Double Fine and the Early Access Fiasco

Way back in mysterious, distant 2012 – when the Curiosity rover landed on Mars, Gangnam Style ruled the airwaves, and Kony 2012 ran for president – Double Fine had its Amnesia Fortnight, a sort of game jam that showcases prototypes that backers could vote on; a Kickstarter of sorts. One of those prototypes was Spacebase DF-9, a space base simulator headed by JP LeBreton. Out of the 23 concepts, it received the second most votes. In October 2013 it made its way to Steam Early Access. And now, 11 months after its initial launch and six alpha stages later, it’s been announced that it will be fully released, version 1.0, in October 2014; immediately following a 50% off sale. In addition, the game will receive limited support following version 1.0, and the source code will be released for mods to further flesh out the project.

Fans of the project and of Double Fine have been vocal. Before the release announcement, reviews on Steam were mixed to positive, with many players praising the art direction, music, and potential, but bemoaning the lack of gameplay features, limited updates/communication, and the “bare bones” feel of the title. At the time of writing, Steam reviews are 98% negative.

Abandon ship!

I have some thoughts. And feelings. And I will express a few. I’ve played my fair share of Early Access titles. Some stinkers here, some really outstanding ones there. And I’ll tell you what separates the two: developer communication/transparency, a fun, (relatively) fleshed-out core concept, and a (relatively) reasonable timetable for patches, updates, and full release. I’m a supporter of Early Access when it’s treated as such. Double Fine, to the detriment of its reputation and fanbase, treated it like one of their Kickstarter campaigns.
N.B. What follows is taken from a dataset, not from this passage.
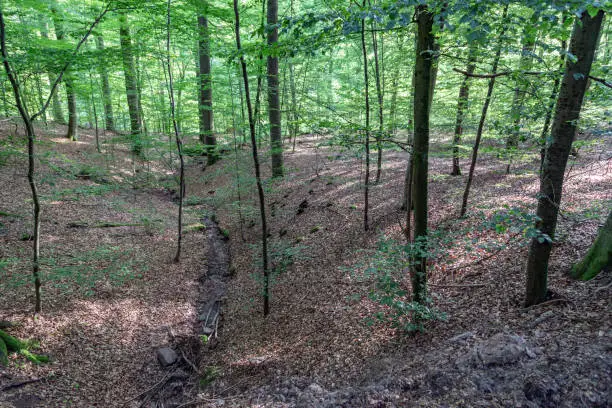 deciduous forest with young beeches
Early Access isn’t Kickstarter. Now, Kickstarter is a risk/reward investment. Additionally, if a Kickstarter doesn’t reach its stated goal, investors see their capital returned. Early Access, alternatively, is investing in a game early in its development to be a part of that process until a final, usually more expensive release. While the money does finance the game, in part, the developers are responsible for seeing their project through to the end. Sometimes not meeting goals can lead to tapered end results, which is fine as sometimes ambitions can be greater than the income generated, and even the best artistic intentions can end up on the cutting room floor. But what grinds my gears, what gives me pause, are the following damning moves:

1. Spacebase Going Out of Business Sale – yes, just prior to the announcement that Spacebase would transition from crawl-Alpha 6-to-full-blown-relase-sprint, Double Fine went and put that puppy on sale for half-off. Now some might call this a last minute attempt to resuscitate a dying project. I would argue it was a last minute attempt at breaking even.
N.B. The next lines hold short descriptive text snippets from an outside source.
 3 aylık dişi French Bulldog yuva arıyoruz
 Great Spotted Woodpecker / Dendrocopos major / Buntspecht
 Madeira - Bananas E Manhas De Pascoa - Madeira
2. It’s Finished! PR Bullshit – yes, you heard from lead developer JP LeBreton himself: we’re ready for launch! Complete with the feigned excitement at a job well done, Spacebase players got to look at a sweet infographic of how far Spacebase had come; all the while being mocked by the intended development roadmap laid out previously… until that was removed.

3. Tim Schafer Answers Select Questions – after JP announced glumly that, yes, they hadn’t reached their vague monetary goal and had to cut the project because of “powers greater than”, heavy metal enthusiast and secretly Jack Black Tim Schafer came into the forums. He defended the embattled development team:

“We started Spacebase with an open ended-production plan, hoping that it would find similar success (and therefore funding) to the alpha-funded games that inspired it. Some of its early sales numbers indicated this might be the case, but slowly things changed, and it became clear that this was looking like a year and a half of production instead of five or so. With each Alpha release there was the hope that things would change, but they didn’t.” – Schafer

I found this picture symbolic.

There it is, there’s the disconnect. Early Access isn’t a Kickstarter persistent money-collection pit. Early Access is paying to play a game before its full, intended release. Tim Schafer and company seem to have misunderstood that, to the near universal displeasure of everyone in the gaming community. And instead of ‘fessing up to mismanaged funds and poor planning, or biting the bullet and continuing development, or even some kind of refund, partial or otherwise, they’re simply shrugging and saying, “Sorry, you guys weren’t generating enough money for us to continue this project.” And that stinks.

So what’s there to do? Me, I think Early Access needs to be better defined. Maybe my definition of it is wrong. Perhaps Early Access should be a Kickstarter where, if the devs don’t meet their monetary goal, they don’t do the project. But then their monetary goal should be clearly expressed, and if said goal isn’t reached then investors should get their hard earned cash back. If I’m right in my definition of Early Access, those devs should have some stringent rules they have to play by. I’m not suggesting hard deadlines, but rather required weekly communication, ballpark deadlines, and consequences for not finishing their game. It can’t be some mishmash of the two. You can’t have your cake and eat it too.

This isn’t Double Fine’s first rodeo, and it isn’t their first hideous, rodeo-related injury. After making ten times their initial Kickstarter goal for an adventure game, they plum ran out of money developing Broken Age and had to break (ha) it up into two acts. Released in January 2014, there is still no Act 2. Bobby Kotick, CEO of Activision Blizzard, claimed Schafer went over-budget and failed to meet deadlines while developing Brütal Legend.

And the biggest travesty to come out of this big, ugly mess? Decent developers playing by the Early Access rules are going to take a hit because big, recognizable Double Fine couldn’t keep their promise. And that isn’t fair.